Rum, fango e sangue

La guerra è una contraddizione.
Cartelloni, programmi televisivi, interviste alla radio, convincente propaganda. Mesi di addestramento – corse flessioni, piegamenti, sudore, lacrime, sfinimento – un treno su cui salire come bestiame al macello. Arrivare in campi sporchi, trincee costruite con sangue e sudore, cadaveri, pezzi di cadaveri, topi che mangiano cadaveri. L’odore è forte, odore di gioventù in putrefazione, di rum che annega la coscienza di quello che si è visto. I compagni mutilati, esausti.
Rumori.
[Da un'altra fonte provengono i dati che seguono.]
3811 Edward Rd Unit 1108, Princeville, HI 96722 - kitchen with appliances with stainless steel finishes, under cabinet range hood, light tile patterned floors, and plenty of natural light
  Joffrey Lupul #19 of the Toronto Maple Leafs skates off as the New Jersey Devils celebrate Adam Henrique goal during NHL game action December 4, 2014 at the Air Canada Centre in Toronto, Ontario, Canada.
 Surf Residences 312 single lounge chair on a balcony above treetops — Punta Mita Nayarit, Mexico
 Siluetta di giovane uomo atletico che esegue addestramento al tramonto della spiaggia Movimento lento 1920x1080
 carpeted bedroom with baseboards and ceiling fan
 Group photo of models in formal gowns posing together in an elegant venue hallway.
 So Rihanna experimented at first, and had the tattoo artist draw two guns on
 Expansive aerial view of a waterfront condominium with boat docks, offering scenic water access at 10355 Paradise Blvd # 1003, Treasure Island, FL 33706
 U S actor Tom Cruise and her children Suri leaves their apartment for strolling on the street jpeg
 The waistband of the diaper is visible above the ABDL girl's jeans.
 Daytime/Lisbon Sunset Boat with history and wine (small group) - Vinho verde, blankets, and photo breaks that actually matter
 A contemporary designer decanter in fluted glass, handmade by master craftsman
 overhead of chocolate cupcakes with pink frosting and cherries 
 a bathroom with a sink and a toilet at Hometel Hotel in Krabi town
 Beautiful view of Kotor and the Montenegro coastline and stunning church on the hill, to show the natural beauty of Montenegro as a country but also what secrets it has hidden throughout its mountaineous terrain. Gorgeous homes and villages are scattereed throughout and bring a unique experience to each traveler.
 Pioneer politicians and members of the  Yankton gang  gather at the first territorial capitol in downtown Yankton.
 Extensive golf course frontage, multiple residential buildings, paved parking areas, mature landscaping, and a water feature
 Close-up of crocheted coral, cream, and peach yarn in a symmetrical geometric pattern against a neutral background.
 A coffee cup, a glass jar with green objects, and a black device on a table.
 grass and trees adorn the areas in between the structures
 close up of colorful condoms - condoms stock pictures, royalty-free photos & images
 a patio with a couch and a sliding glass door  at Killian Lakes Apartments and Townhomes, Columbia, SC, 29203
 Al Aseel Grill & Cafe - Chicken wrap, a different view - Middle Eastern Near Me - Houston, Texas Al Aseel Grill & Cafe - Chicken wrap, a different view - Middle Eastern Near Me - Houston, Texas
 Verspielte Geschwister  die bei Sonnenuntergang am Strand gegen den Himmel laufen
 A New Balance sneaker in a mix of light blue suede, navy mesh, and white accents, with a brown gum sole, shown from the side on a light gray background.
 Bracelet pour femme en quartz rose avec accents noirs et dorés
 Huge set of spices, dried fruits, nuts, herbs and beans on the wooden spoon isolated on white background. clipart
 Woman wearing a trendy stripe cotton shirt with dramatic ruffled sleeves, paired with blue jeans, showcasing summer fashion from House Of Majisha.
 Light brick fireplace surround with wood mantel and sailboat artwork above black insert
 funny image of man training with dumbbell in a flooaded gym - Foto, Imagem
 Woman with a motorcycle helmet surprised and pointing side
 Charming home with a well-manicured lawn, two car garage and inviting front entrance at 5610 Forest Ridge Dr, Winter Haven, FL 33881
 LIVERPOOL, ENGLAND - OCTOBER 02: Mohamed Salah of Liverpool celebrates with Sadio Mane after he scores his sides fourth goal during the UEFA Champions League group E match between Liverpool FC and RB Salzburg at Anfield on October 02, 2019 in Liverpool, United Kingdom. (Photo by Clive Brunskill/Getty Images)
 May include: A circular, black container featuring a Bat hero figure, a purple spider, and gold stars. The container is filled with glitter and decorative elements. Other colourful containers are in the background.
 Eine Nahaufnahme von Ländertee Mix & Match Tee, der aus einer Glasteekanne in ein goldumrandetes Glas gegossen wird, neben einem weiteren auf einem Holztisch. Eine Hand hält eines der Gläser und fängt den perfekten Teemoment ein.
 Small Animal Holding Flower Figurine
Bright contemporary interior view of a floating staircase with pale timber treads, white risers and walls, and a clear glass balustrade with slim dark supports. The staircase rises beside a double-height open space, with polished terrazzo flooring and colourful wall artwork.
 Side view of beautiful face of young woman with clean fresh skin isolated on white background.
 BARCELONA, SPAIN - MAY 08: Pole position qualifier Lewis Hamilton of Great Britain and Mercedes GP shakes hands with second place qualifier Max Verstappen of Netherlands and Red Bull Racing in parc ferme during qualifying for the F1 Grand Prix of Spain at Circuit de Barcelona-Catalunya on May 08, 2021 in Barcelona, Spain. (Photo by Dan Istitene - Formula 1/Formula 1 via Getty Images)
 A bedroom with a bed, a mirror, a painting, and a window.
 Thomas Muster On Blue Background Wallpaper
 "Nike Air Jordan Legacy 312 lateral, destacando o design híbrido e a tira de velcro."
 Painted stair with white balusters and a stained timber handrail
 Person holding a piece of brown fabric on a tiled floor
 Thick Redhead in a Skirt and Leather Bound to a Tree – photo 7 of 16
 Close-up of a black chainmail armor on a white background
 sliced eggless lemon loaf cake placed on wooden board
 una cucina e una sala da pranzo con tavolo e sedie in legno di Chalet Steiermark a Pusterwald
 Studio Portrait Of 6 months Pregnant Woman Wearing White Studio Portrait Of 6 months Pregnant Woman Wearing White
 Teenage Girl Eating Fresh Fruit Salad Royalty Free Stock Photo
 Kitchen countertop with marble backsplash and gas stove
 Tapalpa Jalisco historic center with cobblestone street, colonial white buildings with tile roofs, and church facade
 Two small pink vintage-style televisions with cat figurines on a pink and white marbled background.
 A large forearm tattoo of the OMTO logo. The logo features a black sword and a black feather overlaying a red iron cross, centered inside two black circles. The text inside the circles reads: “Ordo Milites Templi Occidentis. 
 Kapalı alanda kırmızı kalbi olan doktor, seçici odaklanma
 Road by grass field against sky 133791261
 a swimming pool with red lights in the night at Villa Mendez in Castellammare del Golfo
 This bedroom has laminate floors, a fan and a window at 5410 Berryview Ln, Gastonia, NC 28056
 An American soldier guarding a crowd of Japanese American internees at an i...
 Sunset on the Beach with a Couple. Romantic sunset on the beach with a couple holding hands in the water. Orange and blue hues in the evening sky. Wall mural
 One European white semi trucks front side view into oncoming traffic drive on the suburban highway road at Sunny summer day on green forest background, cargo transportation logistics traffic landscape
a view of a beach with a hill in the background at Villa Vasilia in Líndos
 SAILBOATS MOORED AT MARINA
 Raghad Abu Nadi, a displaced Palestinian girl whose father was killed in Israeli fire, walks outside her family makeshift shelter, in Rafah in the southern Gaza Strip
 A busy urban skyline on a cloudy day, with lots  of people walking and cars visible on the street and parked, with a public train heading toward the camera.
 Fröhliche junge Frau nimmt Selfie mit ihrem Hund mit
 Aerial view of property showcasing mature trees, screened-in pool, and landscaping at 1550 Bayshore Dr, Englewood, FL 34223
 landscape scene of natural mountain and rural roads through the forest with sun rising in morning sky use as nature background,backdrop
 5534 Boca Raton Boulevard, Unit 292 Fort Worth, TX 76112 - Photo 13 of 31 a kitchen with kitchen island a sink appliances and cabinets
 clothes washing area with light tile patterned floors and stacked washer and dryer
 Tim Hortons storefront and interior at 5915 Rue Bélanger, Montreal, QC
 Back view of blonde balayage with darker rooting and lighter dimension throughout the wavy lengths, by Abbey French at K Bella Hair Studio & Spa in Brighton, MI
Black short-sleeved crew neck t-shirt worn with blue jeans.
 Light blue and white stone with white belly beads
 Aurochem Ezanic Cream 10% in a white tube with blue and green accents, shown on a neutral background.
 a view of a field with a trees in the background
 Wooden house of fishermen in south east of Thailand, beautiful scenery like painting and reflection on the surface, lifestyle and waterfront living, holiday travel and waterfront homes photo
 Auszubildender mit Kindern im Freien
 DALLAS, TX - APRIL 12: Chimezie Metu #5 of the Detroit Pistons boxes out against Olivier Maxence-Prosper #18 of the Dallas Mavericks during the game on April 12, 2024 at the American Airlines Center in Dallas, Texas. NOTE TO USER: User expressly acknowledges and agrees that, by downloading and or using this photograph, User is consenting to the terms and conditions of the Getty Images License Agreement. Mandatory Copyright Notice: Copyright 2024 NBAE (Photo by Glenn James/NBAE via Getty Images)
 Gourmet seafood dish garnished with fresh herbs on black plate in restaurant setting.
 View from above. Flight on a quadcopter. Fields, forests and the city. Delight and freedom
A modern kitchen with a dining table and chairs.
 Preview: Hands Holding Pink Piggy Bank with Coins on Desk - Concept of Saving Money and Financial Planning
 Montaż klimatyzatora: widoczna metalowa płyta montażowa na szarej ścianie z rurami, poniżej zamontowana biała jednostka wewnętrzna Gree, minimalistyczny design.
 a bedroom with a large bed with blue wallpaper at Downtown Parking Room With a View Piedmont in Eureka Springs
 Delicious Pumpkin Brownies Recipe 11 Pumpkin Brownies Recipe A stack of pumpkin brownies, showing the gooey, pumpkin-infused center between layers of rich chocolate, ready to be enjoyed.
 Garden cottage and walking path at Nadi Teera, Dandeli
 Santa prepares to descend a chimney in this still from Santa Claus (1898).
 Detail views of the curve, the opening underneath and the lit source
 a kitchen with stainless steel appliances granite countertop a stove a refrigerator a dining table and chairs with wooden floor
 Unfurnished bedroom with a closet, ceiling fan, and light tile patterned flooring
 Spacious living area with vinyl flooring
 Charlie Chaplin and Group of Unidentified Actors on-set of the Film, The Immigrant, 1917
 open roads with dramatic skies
Rumori spaventosi come sveglia e come bacio della buonanotte. La vita in trincea non è un incubo da cui si scappa svegliandosi con un pizzicotto. Si è svegli, carcasse che camminano, che si trascinano a ritmo di granate, fucili e grida disperate. Si è morti ancora prima di esserlo veramente. Fame, sete, voglia di raccontare questi orrori a orecchi lontani; forse troppo lontani per capire.
A volte arrivano poster, gli stessi che guardano gli occhi ansiosi o distratti di figli, mogli, madri di guerra. Entusiastici inviti a partire, ad arruolarsi, a morire per il proprio paese, promesse di fama, gloria.
In trincea sono tutti fratelli, vecchi, ragazzi, poveri, ricchi, non fa differenza. Si è tutti parte di un unico organismo, di un grande corpo. Un corpo stanco, assonnato, zoppo, che sopravvive all’ombra della morte; un corpo che combatte un nemico indefinito come la nebbia che gli offusca gli occhi.
Alcuni scrivono. Urla disperate fra le righe di fogli stracciati. Implorano aiuto nel silenzio del loro inchiostro. Alternano parole a vani tentativi di scacciare pidocchi, insetti, bestie che cercano di succhiare loro quel che resta di vita. Altri dipingono con pennelli incrostati di dolore e pietà.
Fra le trincee c’ è un pezzo di terra deserta, solo polvere e resti di corpi. Gli unici passi che sente sopra di se sono quelli di ratti, sudici ratti neri che, incuranti, calpestano volti, gambe, braccia, speranze.
La guerra è un’ubriacatura, è patriottismo in difesa di falsi valori che mascherano l’ingordigia di panciuti e incapaci ufficiali che guardano eserciti morire sotto i loro occhi impassibili, come fossero pedine catturate nella grande scacchiera delle potenze mondiali.
La guerra è il mezzo più potente per far sentire l’uomo un uomo, per dargli dignità, coscienza dell’insensatezza dell’inutile strage del fiore della gioventù.
La guerra è morte, la guerra è vita.